» Web page caption snippets
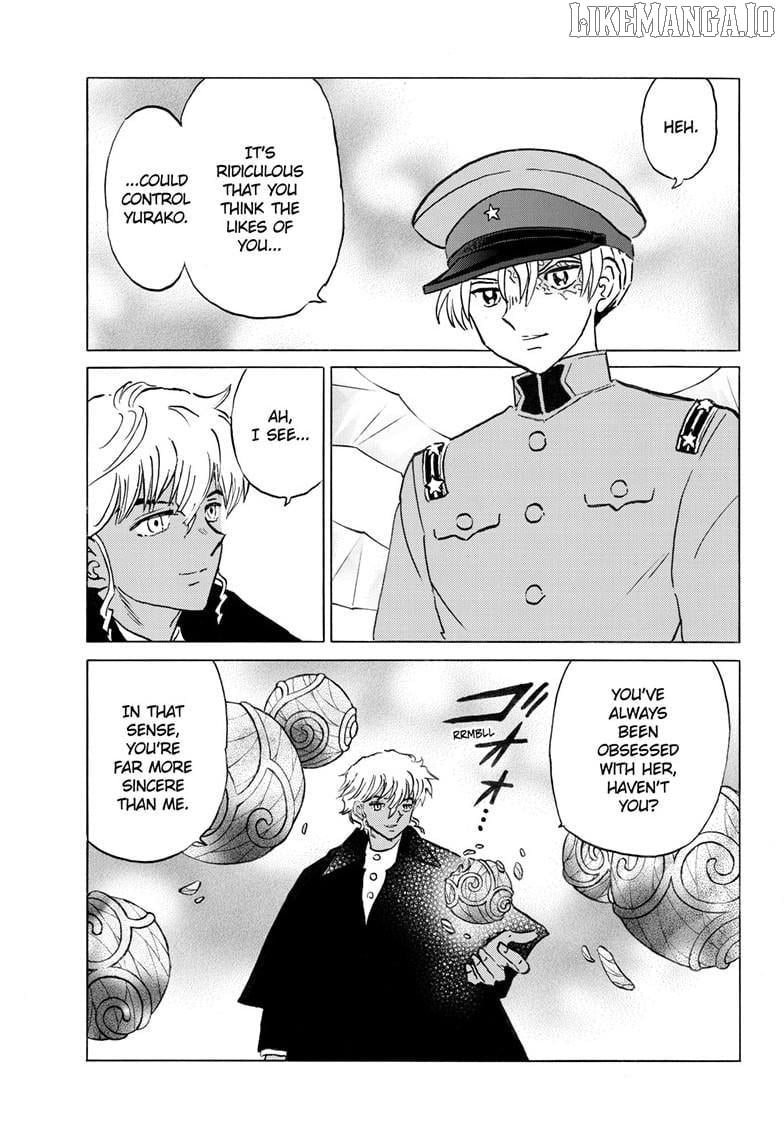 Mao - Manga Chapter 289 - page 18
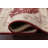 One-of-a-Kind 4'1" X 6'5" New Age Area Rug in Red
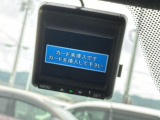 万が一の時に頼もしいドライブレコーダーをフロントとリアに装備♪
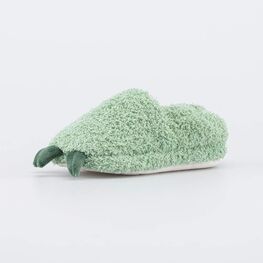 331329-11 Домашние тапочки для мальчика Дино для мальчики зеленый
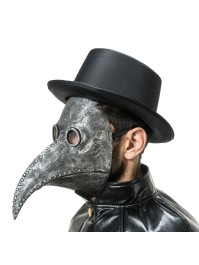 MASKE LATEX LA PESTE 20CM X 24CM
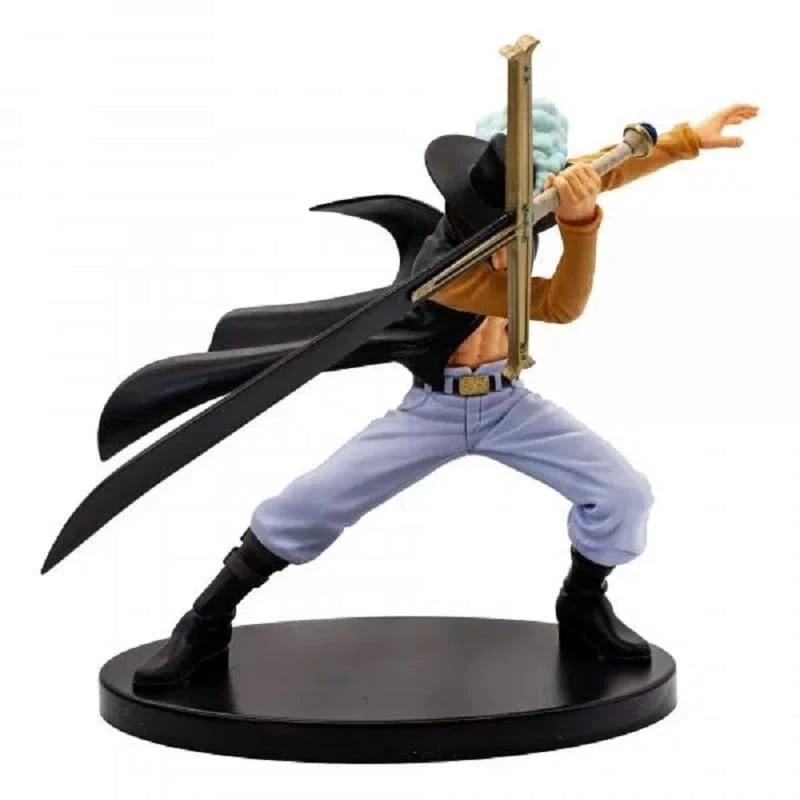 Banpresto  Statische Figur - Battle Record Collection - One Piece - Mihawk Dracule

* * *

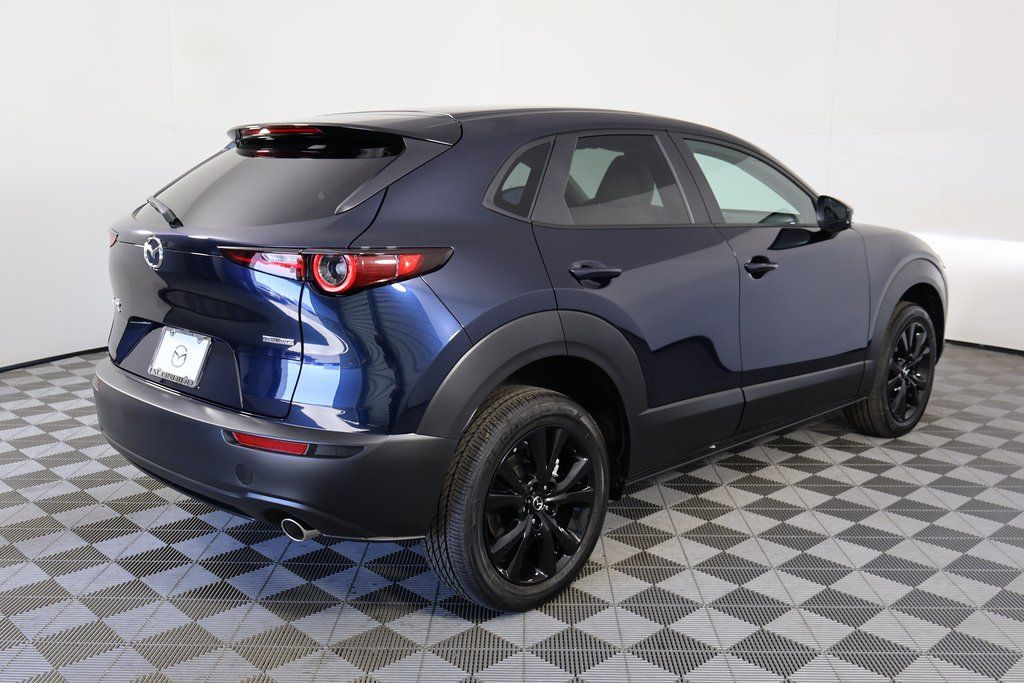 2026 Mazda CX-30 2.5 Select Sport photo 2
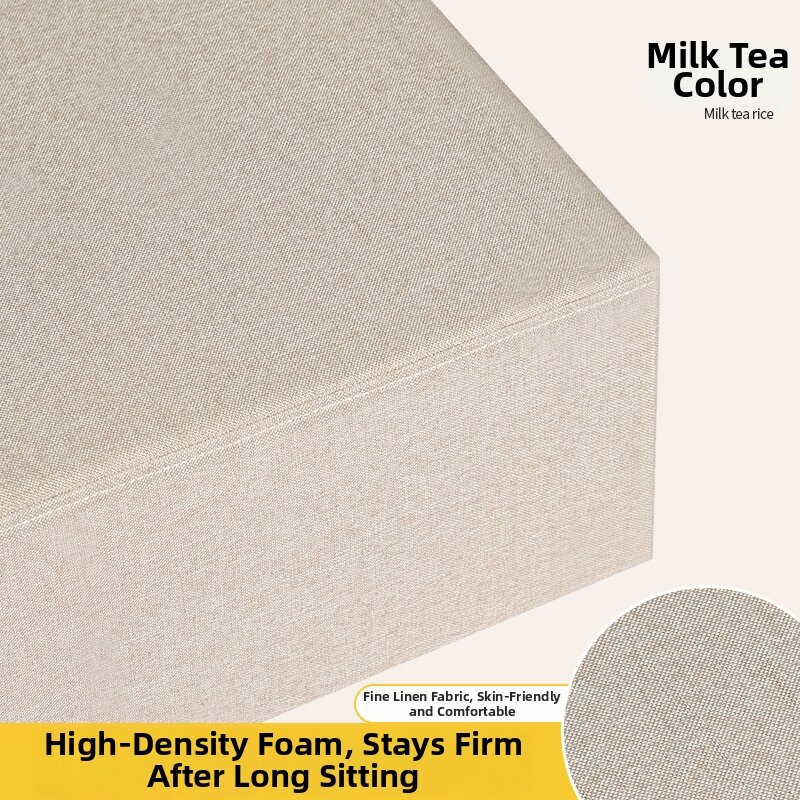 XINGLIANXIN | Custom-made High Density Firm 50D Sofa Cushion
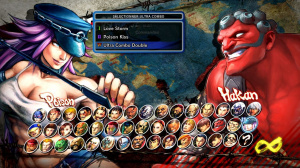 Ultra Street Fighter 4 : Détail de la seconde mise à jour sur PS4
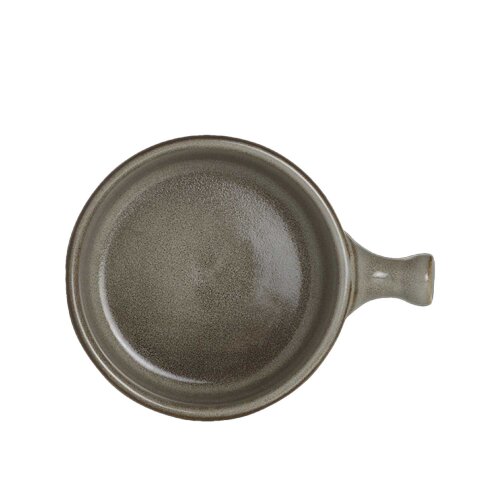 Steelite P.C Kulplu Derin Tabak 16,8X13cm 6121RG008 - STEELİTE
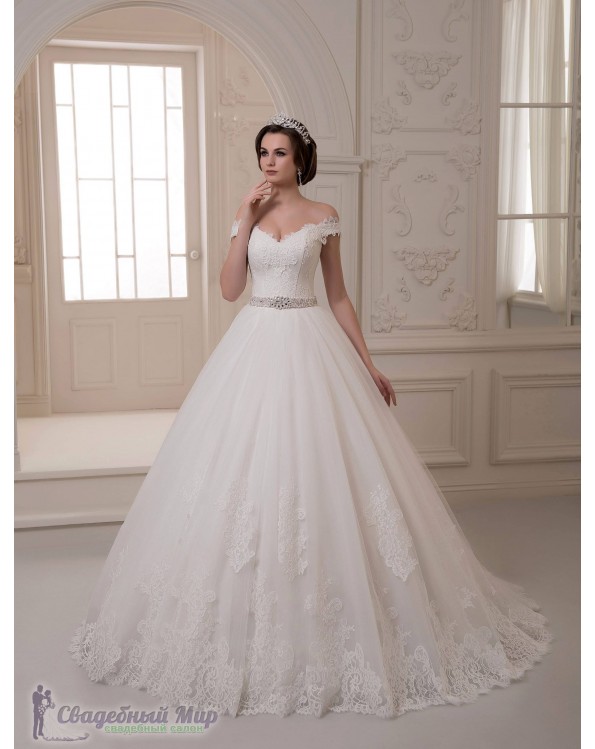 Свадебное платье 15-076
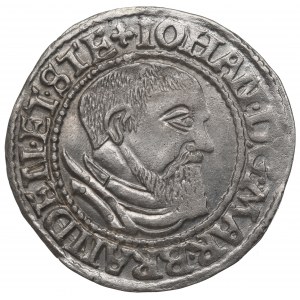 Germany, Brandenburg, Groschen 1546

» PROBLEM TO SOLVE
Look above for the line with "Mao - Manga Chapter 289 - page 18" and the line with "- Mihawk Dracule", then copy exactly the lines from the first through the second, both kept, with no pictures.

» WRITTEN ANSWER
 Mao - Manga Chapter 289 - page 18
 One-of-a-Kind 4'1" X 6'5" New Age Area Rug in Red
 万が一の時に頼もしいドライブレコーダーをフロントとリアに装備♪
 331329-11 Домашние тапочки для мальчика Дино для мальчики зеленый
 MASKE LATEX LA PESTE 20CM X 24CM
 Banpresto  Statische Figur - Battle Record Collection - One Piece - Mihawk Dracule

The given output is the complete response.